Findings on Income Inequality and Social Mobility

This project explores rising income inequality and falling social mobility within the U.S. Currently, the top 10% of Americans control over 47% of the nation’s income, up from 34% in 1962. Together with rising inequality, the nation has seen falling social mobility, as now nearly 42% of Americans born into the bottom quintile remain there as adults. My research has found that there are four major causes of rising income inequality—changes in tax structure, increased globalization, technological improvements, and reductions in real minimum wages. Regarding social mobility, there appear to be two critical drivers: a widening achievement gap and rising income inequality. More than just focusing on causes, I have also studied the policy responses that President Obama and Congress can take to address rising inequality and falling social mobility. While there are numerous steps policymakers can take, in this blog post, I will identity three important ones.

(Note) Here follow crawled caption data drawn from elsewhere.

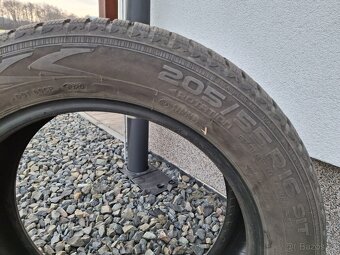 Zimní pneu Nokian 205/55/R16 - 8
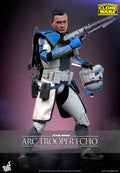 Arc Trooper Echo Star Wars Sixth Scale Figure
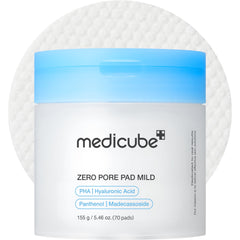 [Subscr.] Zero Pore Madecassoside Pads (Mild) - Medicube Savings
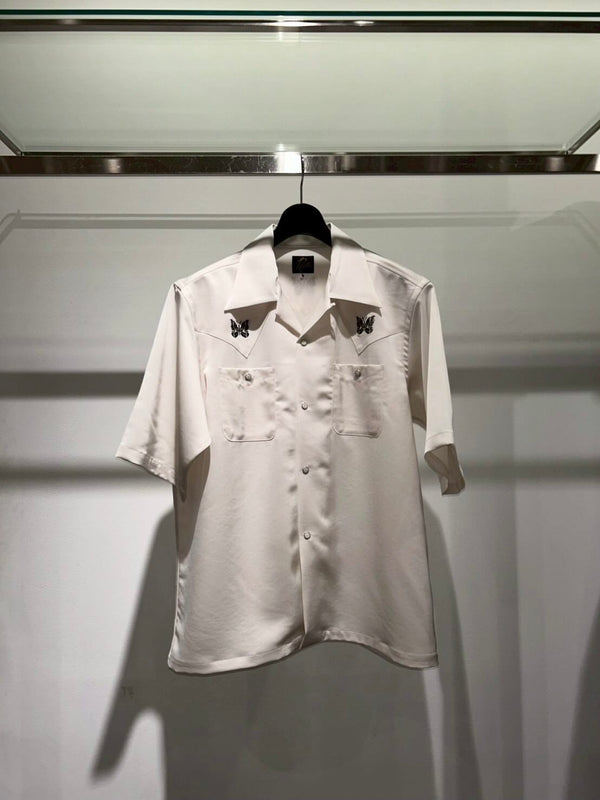 Needles/COWBOY SHIRTS - White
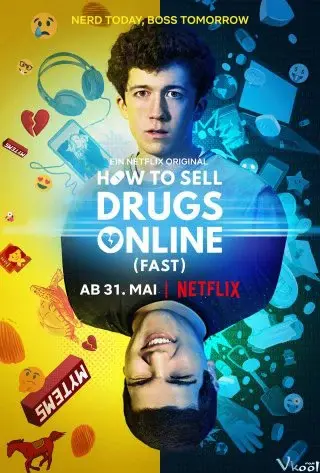 Cách buôn thuốc trên mạng (Nhanh chóng) (Phần 1) (How to Sell Drugs Online (Fast) (Season 1))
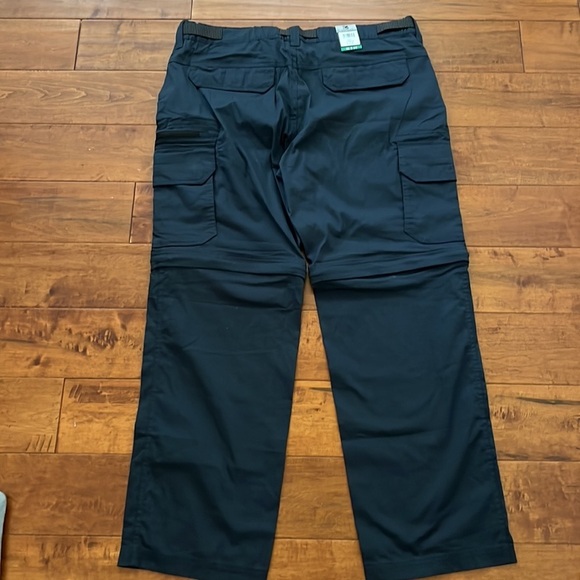 BC Clothing Men's Convertible Stretch Pant navy Size XL x 30 - Picture 12 of 14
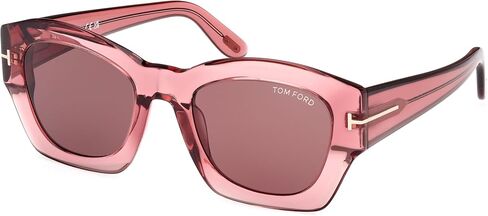 Tom Ford Guilliana ft 1083 Pink/Brown 52/22/140 نساء نظارة شمسية in Saudi Arabia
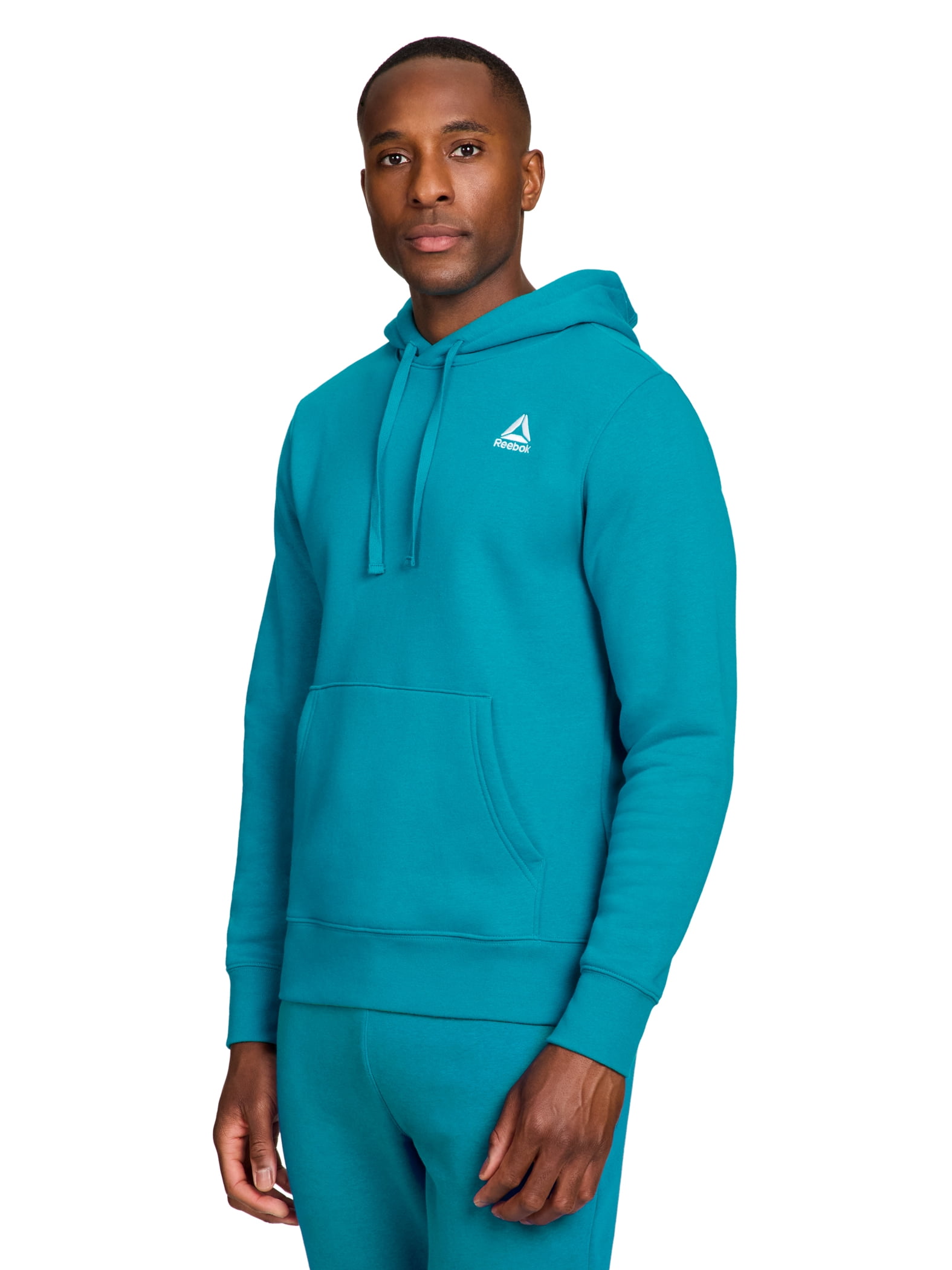Reebok Men's and Big Men's Game Day Fleece Left Chest Hoodie, Sizes XS-5XL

  1. The government should increase Pell Grant funding for post-secondary education, so that more Americans have the opportunity to attend college. Increasing the number of low-income Americans who attend college will both reduce income inequality and expand social mobility. First, given the significant college premium, graduating from college allows individuals to secure higher salaries, thereby, reducing inequality. Second, the most effective means for curbing inequality is reducing unemployment, for there is a wide gap between unemployed individuals (zero income) and the top quintile (minimum of $88,000 of income). College education can reduce unemployment, as college graduates currently experience 50% less and 66% less unemployment than high school graduates and high school dropouts, respectively. Regarding social mobility, if low-income Americans achieve a college education and earn a high-paying job they may be more likely to achieve upward mobility.
  2. The minimum wage should, at a minimum, be indexed to inflation so that low-income Americans do not experience a reduction in real income whenever prices rise. A more comprehensive policy of raising the minimum wage to at least $9 per hour, as President Obama outlined in his 2013 State of the Union, would play a significant role in reducing income inequality. Increasing family’s income is also associated with greater social mobility, for researchers found that “if a low-income family can make $3,000 more during a child’s first five years of life, the child is likely to make almost 20 percent more as an adult.”Some argue that increasing the minimum wage would result in job losses; however, work by economists David Card and Alan Krueger found “no large statistically significant negative impact on employment from raising minimum wage.”
  3. Federal and state governments should form a partnership to provide means-tested high-quality Pre-K education as President Obama outlined in his State of the Union. Pre-K should be free for all those with incomes upto 200% of the poverty line and then provided on a sliding scale for everyone else. It is important that the program be free so that low-income students can attend pre-K at a rate higher than the current 34%. The Pre-K program should also have teachers with a Bachelors degree, low student-teacher ratios, and curricula aligned with K-3. Such high-quality initiatives have a chance to reduce the achievement gap between low-income and high-income students and thereby expand equality of opportunity and increase social mobility. In fact, research has shown that high-quality Pre-K programs reduce rates of high-school dropout, teen pregnancy, crime and increase college attendance rates. These investments are also smart economic decisions, as National Institutes of Health research show they generate “up to $11 of economic benefits over a child’s lifetime for every dollar spent initially on the program.” Such an initiative may be viable through an alliance of business Republicans and progressive Democrats; both of whom have indicated their support for such a program. In fact, such a coalition emerged in San-Antonio which helped secure passage of the Pre-k 4 program.

While these are just three of the several policy recommendations I outline in my paper, these three initiatives would significantly help reduce inequality and expand mobility.